Starting with a presentation looking at decentralized business models and green energy/design, working in teams, we will let our imaginations run wild to map a town on our terms and brainstorm about what it would take to make some of these ideas a reality! This workshop is based on the Design Your Own Utopia workshop which took place at the Utopia School in 2016, as well as an exercise conducted by the group Take Back The Bronx, who are fighting against gentrification in the Bronx, NYC.
Calafou, by Jaime Iglehart (08:00:00)
Calafou is an intentional community identifying themselves as a Postcapitalist Ecoindustrial Colony located outside of Barcelona, Spain. They are a group of hackers, bio-researchers, craftspeople and food producers working to bioremediate the polluted land and water of the former textile factory they inhabit, and turn their space into a communal living and work project. This short documentary pays a visit to Calafou to find out more about their philosophy.
Paths Through Utopias/ Les Sentiers de L'Utopie, by John Jordan and Isabelle Frémeaux (1:48:55)

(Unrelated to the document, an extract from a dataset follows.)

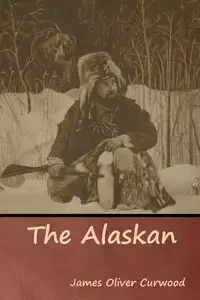 The Alaskan - James Oliver Curwood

As the global financial crisis surfaced in 2007, filmmakers John Jordan and Isavebelle Frémeaux journeyed for 7 months across Europe to investigate and experience examples of post-capitalist living – from a direct action Climate Camp set up illegally on the edges of Heathrow airport to a hamlet squatted by French punks, an off grid low impact permaculture community to occupied self-managed Serbian factories, a free love commune in an ex Stasi base to a farm where private property had been abolished, we shared different ways of loving and eating, producing and sharing things, deciding together and rebelling. We were not looking for escapist Neverlands, blueprints for a perfect future or universal systems, but communities who simply dare to live differently, despite the catastrophe of capitalism.
Everything's Coming Together While Everything's is Falling Apart, by Oliver Ressler (00:36:33)

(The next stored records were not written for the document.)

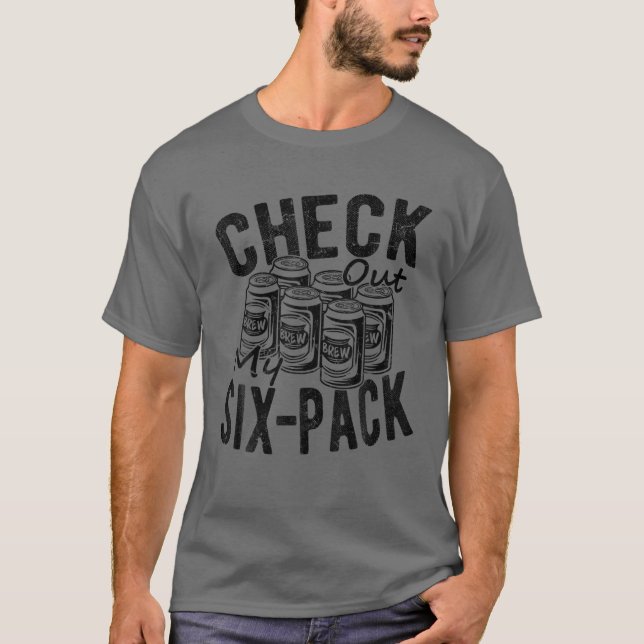 Funny Beer , Check Out My Six Pack Funny Drinking T-Shirt (Vorderseite)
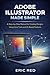 Adobe Illustrator User Guide Made Simple: A Step-by-Step Manual for Creating Designs Using Core Tools and AI-Based Features
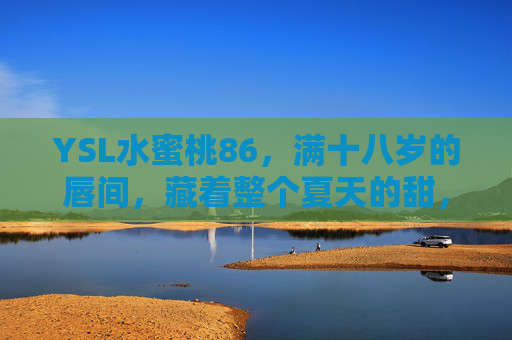 YSL水蜜桃86,满十八岁的唇间,藏着整个夏天的甜,YSL水蜜桃86,满十八岁的唇间,藏着整个夏天的甜 YSL水蜜桃86,满十八岁的唇间,藏着整个夏天的甜,YSL水蜜桃86,满十八岁的唇间,藏着整个夏天的甜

Not too long ago, global warming was science fiction. Now it has become hard science, and a reality we already live in. The latest reports from the sober Intergovernmental Panel on Climate Change (IPCC) suggest that the planet may be approaching multiple thresholds of irreversible damage faster than was ever anticipated.
The title “Everything's coming together while everything's falling apart” refers to a situation in which all the technology needed to end the age of fossil fuel already exists. Whether the present ecological, social and economic crisis will be overcome is primarily a question of political power. The climate movement is now stronger than ever. It obstructed pipeline projects such as the Keystone XL tar sands pipeline. It stopped Arctic drilling and blocked fracking all over the globe. Coal-fired power plants were shut down by resistance, and the divestment movement that pressures institutions to unload their stocks from fossil fuel corporations has had successes.

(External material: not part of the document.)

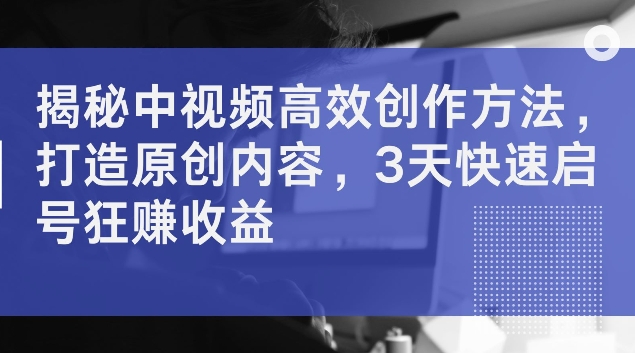 揭秘中视频高效创作方法,打造原创内容,3天快速启号狂赚收益【揭秘】|淘骐网赚资源库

The story of this ongoing film project may turn out to be a story of the beginning of the climate revolution, the moment when popular resistance began to reconfigure the world. The project follows the climate movement in its struggles to dismantle an economic system heavily dependent on fossil fuels. It records key events for the climate movement, bringing together many situations, contexts, voices and experiences. There is one film for each event.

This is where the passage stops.